:: Data supplied ::
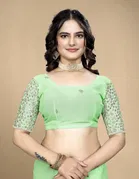 Silk Woven Design Saree for Women, Green 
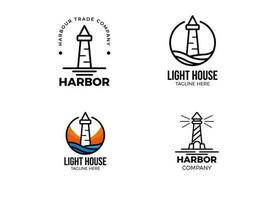vuurtoren zoeklicht baken toren eiland strand kust eenvoudige lijntekeningen logo ontwerp inspiratie vector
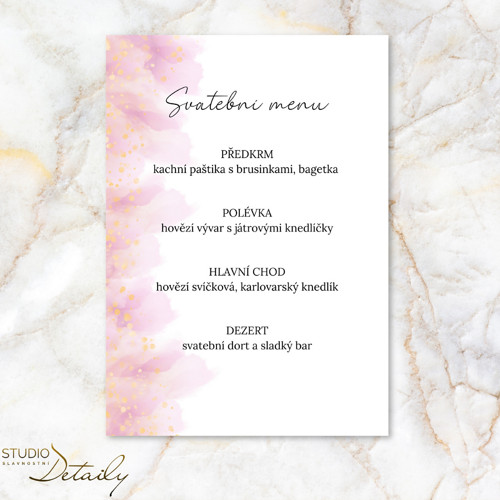 Svatební menu - Růžovo-zlatá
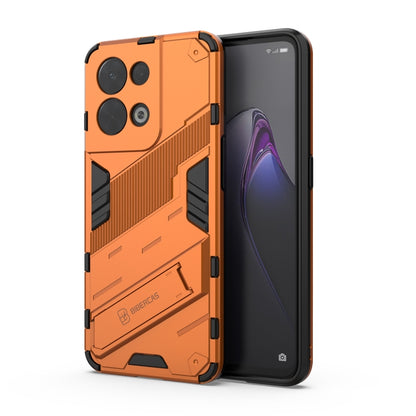Rugged orange phone case with textured armor panels and camera cutouts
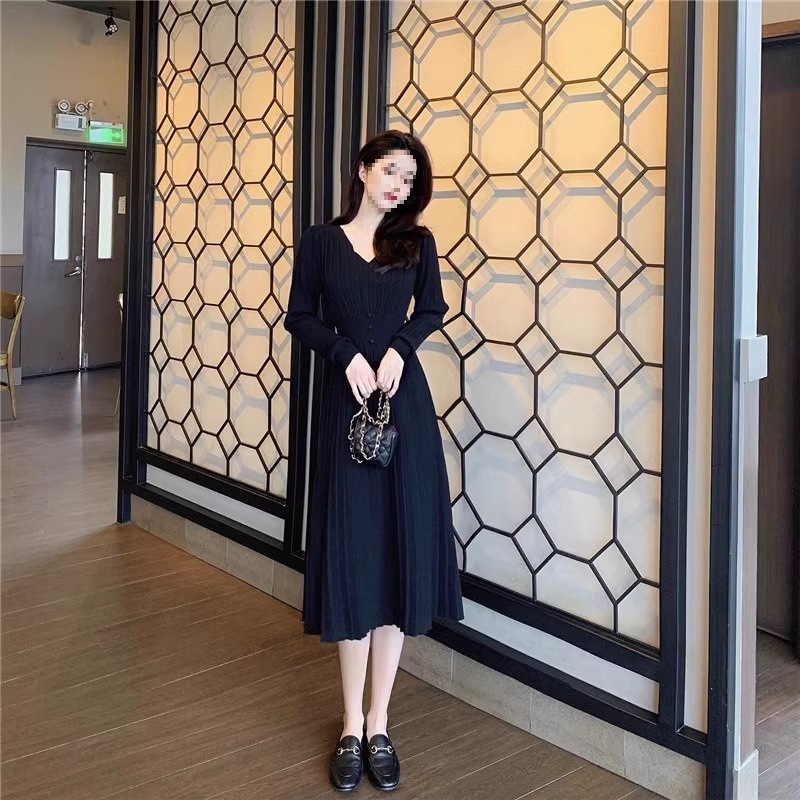 ng2510292 2025 High-End Feel Inner Wear Knitted Long For Women Autumn Winter French Style Waist-Cinching Base Sweater Dress_ecoleips.com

:: About this exercise ::
Restate each record from above word for word, excluding any picture it holds.

:: Answer section ::
 Silk Woven Design Saree for Women, Green 
vuurtoren zoeklicht baken toren eiland strand kust eenvoudige lijntekeningen logo ontwerp inspiratie vector
 Svatební menu - Růžovo-zlatá
Rugged orange phone case with textured armor panels and camera cutouts
 ng2510292 2025 High-End Feel Inner Wear Knitted Long For Women Autumn Winter French Style Waist-Cinching Base Sweater Dress_ecoleips.com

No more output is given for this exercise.